Что давала человеку «крестьянская цивилизация», почему крестьяне так держались и боролись за нее? Представление об этом можно получить из произведений «деревенской» литературы, например из

«Прощания с Матерой» В. Распутина,

«Канунов» или «Лада» В. Белова.

Но что двигало другую сторону конфликта, что давало силы и даже бешеную энергию активистам «перелома»? Как мне кажется, это было чувство соучастия в реализации некоей грандиозной техницистской утопии, неслыханной дотоле попытке превратить природу и общество в единую космическую машину, управляемую из одного центра. Создание такой машины, управление ею представлялось делом избранной элиты, «новых людей», покорителей вселенной — такими и ощущали себя эти активисты.

Вьющиеся речки с неконтролируемыми половодьями должны быть заменены каналами, «закованными в берега из бетона и стали». Бескрайние, безобразные болота — осушены. Их должны пересекать прямые, как стрелы, трассы, по которым будут сновать автокары. Поля с пасущимися на них коровами заменены земледельческой фабрикой или лабораторией. Крестьянам же в этой сверхмашине предусматривалась роль сырья, планомерно в нее загружаемого и движущегося по ее трубам. Слова персонажа повести В. Распутина:

«Матера на электричество отойдет» —

передают дух этого плана умерщвления матери-земли и использования ее как сырья для грандиозной машины.
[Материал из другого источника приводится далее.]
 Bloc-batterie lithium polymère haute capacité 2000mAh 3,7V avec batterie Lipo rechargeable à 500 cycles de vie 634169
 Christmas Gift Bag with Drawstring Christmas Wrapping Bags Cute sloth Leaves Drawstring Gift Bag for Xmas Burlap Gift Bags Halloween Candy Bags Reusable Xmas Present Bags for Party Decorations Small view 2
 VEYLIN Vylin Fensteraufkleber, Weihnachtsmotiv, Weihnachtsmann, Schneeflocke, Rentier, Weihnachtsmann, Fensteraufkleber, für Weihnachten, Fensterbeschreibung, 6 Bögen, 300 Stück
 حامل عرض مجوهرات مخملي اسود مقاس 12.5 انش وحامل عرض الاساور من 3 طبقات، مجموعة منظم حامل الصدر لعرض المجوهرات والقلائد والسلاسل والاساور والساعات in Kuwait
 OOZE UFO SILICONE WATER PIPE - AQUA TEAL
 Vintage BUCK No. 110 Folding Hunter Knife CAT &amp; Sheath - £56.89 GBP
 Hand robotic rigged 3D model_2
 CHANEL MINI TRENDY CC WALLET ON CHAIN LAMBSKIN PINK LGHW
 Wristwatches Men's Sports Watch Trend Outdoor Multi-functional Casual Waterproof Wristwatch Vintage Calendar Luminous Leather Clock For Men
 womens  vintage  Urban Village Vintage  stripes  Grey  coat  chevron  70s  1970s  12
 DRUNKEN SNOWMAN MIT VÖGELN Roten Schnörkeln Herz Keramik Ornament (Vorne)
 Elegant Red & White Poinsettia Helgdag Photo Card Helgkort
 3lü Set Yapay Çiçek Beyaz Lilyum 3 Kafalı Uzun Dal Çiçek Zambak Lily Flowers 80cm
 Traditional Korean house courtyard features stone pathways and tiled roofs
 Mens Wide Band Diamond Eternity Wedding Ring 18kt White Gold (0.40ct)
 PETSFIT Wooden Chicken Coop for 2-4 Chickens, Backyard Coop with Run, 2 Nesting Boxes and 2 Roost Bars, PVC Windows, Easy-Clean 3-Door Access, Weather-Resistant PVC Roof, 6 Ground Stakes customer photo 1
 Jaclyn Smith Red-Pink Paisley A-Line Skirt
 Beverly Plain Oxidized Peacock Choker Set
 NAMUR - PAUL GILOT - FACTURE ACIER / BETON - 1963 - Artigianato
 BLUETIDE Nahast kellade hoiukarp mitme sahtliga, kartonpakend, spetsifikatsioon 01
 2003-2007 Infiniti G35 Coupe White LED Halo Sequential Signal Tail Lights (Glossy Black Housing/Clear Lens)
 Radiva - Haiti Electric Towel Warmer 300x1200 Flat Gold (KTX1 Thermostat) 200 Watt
Литература 20-х годов передает пафос поклонения машине, желание молиться ей или превратиться в нее:

«Шеренги и толпы станков, подземные клокоты огненной печи, подъемы и спуски нагруженных кранов, дыханье прикованных крепких цилиндров, рокоты газовых взрывов и мощь молчаливая пресса — вот наши песни, религия, музыка»

 (А. Гастев).

Режиссер и художник Ю. Анненков утверждал:

«Искусство достигнет высшей точки расцвета лишь после того, как несовершенная рука художника будет заменена точной машиной».

«Разве современного человека, слышавшего хоть раз полифонию Ньюкастльского порта, может удовлетворить кустарное искусство маленького Шаляпина, вытягивание на цыпочки теноров…»

А. Гастев рисовал такую космическую утопию:

«Мы не будем рваться в эти жалкие выси, которые зовутся небом. Небо — создание праздных, лежачих, ленивых и робких людей».